- Data to examine -
----------------

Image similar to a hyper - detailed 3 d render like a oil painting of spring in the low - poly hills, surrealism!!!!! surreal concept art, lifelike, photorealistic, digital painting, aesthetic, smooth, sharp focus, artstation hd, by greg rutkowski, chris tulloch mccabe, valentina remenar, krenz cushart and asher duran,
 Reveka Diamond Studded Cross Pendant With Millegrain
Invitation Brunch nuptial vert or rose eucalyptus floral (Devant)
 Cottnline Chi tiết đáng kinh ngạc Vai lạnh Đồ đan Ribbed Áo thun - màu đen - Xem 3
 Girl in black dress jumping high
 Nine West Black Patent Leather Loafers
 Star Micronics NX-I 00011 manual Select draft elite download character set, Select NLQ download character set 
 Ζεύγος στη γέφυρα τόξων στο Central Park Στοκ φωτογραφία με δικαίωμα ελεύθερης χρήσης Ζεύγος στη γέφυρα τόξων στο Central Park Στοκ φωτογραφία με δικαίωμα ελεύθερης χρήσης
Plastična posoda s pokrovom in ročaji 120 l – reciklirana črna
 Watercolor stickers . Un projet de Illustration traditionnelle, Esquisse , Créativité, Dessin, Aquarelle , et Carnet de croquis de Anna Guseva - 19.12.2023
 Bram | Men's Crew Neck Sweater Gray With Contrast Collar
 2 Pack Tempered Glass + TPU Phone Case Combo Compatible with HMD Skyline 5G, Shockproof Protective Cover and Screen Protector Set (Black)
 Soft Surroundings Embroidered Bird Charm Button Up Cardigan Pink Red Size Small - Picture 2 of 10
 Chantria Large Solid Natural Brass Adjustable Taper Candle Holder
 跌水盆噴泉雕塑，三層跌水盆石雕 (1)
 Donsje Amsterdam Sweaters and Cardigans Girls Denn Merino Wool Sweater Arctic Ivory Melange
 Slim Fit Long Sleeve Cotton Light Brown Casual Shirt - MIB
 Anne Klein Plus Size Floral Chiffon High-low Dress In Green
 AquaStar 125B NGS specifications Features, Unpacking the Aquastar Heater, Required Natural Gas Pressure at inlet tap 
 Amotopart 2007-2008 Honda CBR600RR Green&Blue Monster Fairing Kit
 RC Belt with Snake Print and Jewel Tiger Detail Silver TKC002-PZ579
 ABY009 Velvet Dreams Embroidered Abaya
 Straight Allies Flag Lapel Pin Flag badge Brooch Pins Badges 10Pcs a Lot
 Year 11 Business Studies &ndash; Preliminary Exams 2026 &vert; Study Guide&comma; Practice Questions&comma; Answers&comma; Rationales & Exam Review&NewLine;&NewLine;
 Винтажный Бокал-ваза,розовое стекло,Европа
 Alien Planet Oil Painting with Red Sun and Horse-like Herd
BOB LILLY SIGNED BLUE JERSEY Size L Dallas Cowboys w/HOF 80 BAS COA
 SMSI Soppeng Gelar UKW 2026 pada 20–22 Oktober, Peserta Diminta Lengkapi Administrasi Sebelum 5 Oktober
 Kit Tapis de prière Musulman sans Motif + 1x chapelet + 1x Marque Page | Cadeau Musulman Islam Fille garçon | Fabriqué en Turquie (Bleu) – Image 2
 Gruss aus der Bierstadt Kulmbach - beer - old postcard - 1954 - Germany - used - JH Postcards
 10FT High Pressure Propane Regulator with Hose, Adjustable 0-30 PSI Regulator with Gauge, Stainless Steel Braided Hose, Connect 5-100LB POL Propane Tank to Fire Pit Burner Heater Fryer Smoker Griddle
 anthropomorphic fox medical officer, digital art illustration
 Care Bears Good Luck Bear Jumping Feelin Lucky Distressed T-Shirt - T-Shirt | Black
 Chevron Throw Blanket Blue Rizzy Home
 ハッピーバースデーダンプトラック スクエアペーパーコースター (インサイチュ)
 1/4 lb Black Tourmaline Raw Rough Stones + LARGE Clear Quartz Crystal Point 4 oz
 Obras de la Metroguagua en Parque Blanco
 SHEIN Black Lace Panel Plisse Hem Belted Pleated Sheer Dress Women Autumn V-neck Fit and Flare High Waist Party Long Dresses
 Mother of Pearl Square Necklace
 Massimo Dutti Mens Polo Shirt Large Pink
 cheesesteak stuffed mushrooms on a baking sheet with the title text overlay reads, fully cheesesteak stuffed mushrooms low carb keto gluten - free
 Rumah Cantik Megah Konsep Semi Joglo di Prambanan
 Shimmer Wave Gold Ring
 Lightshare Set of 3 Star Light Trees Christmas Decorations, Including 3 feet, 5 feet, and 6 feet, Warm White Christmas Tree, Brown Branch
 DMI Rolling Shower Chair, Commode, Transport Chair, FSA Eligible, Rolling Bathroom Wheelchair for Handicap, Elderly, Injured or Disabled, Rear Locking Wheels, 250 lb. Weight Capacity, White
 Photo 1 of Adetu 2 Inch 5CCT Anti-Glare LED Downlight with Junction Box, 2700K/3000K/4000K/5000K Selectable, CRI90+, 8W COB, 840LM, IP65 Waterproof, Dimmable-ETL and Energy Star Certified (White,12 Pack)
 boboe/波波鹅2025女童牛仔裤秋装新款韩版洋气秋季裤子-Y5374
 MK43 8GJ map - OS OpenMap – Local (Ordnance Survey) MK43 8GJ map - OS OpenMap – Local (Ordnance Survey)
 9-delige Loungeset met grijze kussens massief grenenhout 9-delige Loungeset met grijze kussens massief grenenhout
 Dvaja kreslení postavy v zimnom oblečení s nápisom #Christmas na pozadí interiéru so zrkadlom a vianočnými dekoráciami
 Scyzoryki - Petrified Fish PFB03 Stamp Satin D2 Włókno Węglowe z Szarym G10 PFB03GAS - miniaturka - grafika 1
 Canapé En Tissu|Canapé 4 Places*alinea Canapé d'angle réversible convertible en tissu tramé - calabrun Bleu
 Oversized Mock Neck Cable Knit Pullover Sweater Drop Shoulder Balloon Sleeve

----------------

- Work item -
Check each line above for "Shirt" and give the number of lines that match, nothing more.

- Exercise solution -
3